Exercise details: Read through the data and report every line in which the word "work" occurs.

Data:

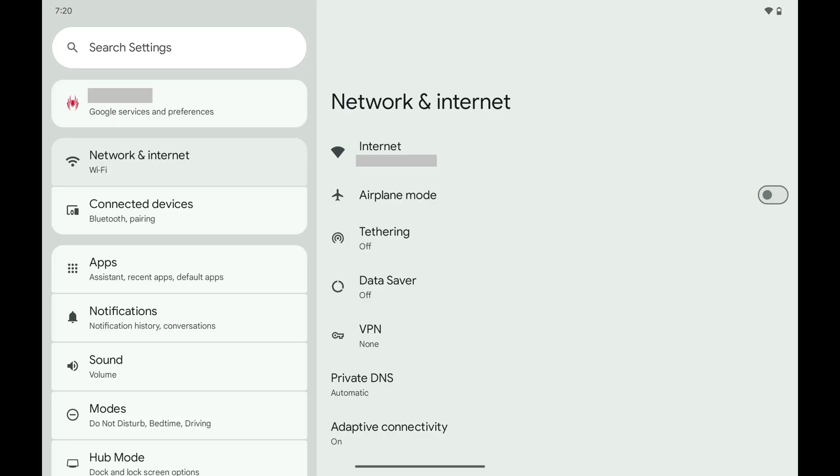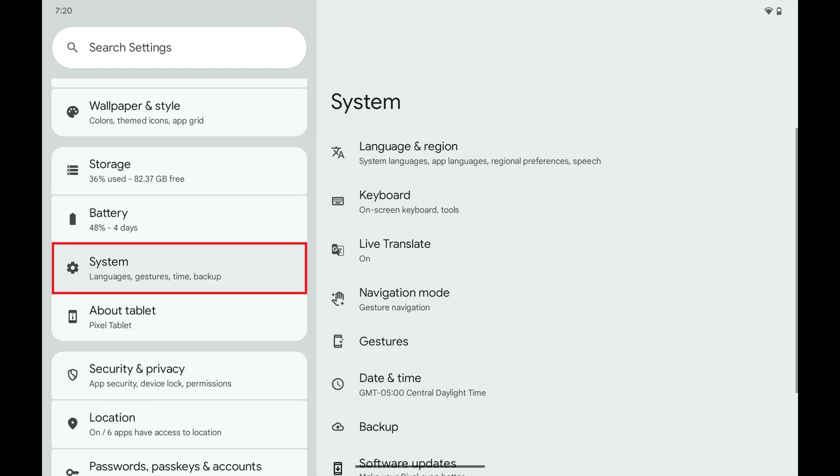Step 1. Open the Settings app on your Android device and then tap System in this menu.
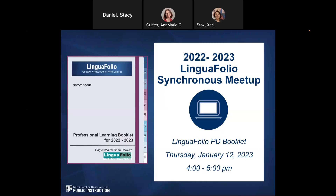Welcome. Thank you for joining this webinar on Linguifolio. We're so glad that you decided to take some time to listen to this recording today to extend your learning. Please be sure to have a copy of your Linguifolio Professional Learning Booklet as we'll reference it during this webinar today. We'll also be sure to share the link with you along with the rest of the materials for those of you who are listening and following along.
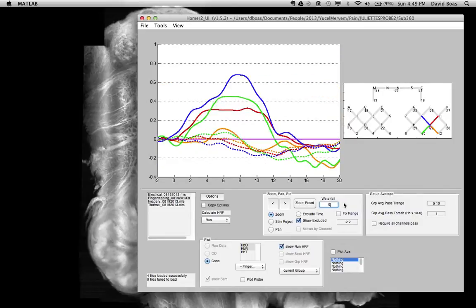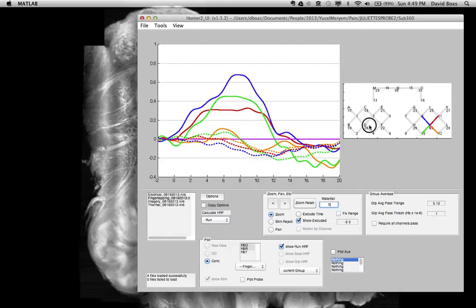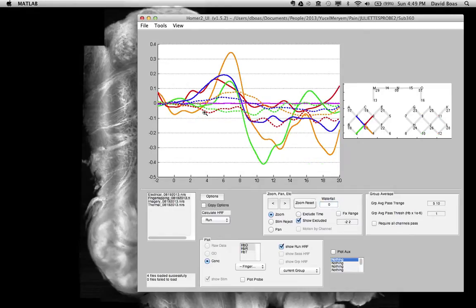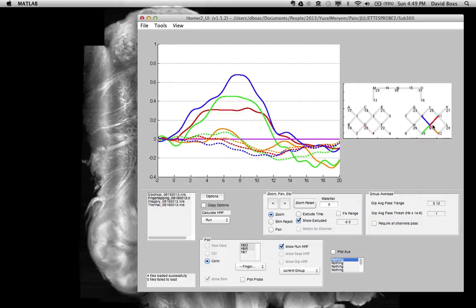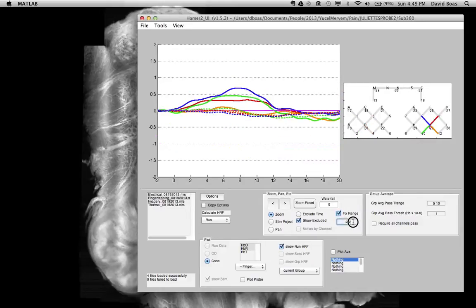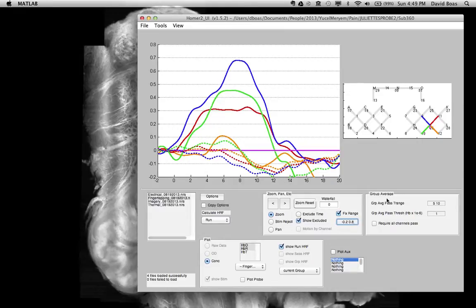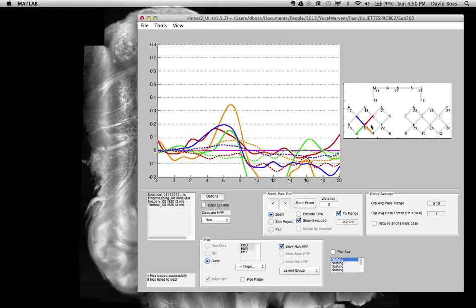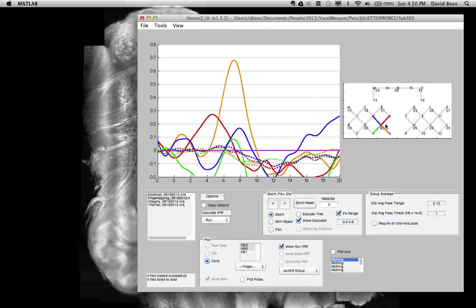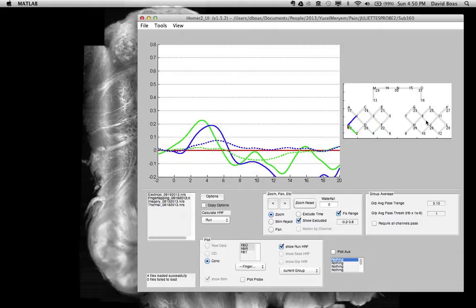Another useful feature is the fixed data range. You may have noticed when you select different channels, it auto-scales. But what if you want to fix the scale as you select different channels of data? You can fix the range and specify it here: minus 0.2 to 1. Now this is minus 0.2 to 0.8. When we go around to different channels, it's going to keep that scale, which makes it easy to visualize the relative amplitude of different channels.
==
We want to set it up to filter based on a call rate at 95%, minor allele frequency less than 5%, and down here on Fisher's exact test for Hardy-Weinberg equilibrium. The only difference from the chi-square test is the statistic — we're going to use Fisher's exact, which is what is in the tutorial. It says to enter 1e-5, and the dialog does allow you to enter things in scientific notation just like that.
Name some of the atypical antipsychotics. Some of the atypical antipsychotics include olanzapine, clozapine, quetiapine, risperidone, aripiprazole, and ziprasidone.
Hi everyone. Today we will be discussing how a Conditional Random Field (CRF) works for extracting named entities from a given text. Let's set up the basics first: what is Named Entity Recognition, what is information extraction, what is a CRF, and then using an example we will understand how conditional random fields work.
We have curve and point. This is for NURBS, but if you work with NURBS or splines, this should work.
...
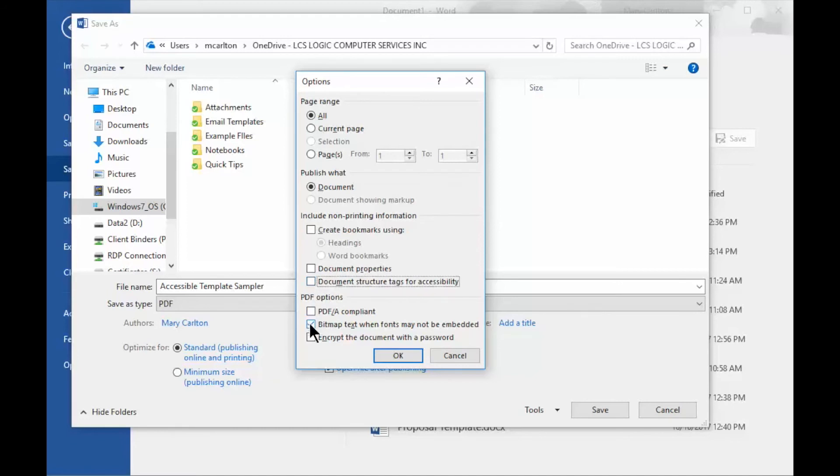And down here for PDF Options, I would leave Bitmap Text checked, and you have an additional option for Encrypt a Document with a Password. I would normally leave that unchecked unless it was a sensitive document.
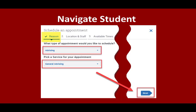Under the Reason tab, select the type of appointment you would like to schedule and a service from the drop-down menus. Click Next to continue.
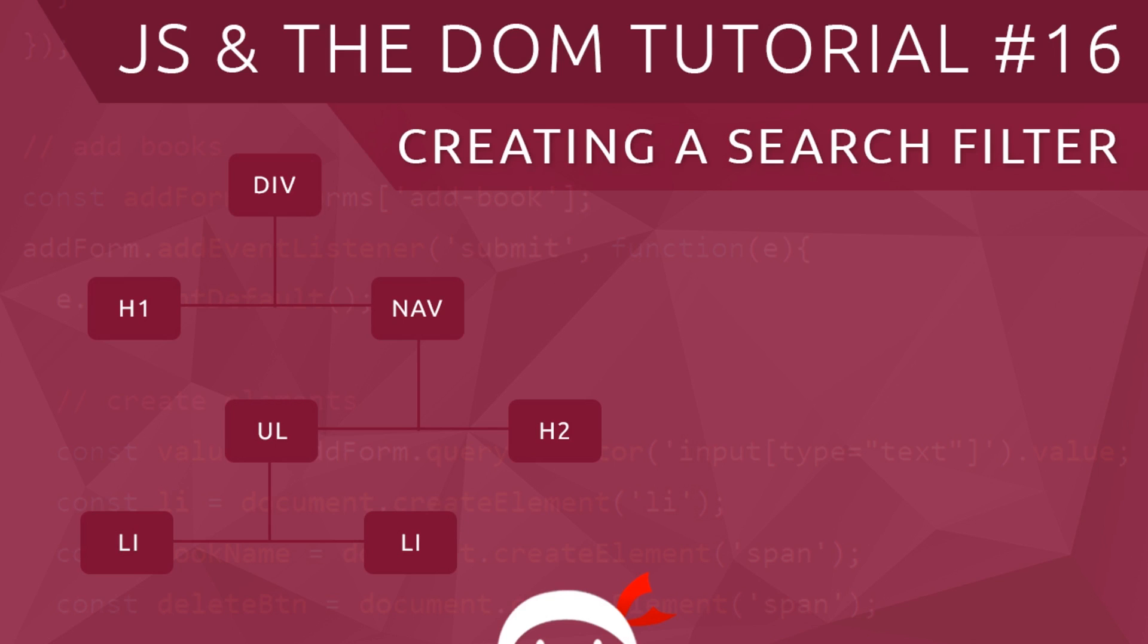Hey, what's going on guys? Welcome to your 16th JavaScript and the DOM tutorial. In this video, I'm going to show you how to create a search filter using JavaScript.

Exercise answer:
Hi everyone. Today we will be discussing how a Conditional Random Field (CRF) works for extracting named entities from a given text. Let's set up the basics first: what is Named Entity Recognition, what is information extraction, what is a CRF, and then using an example we will understand how conditional random fields work.
We have curve and point. This is for NURBS, but if you work with NURBS or splines, this should work.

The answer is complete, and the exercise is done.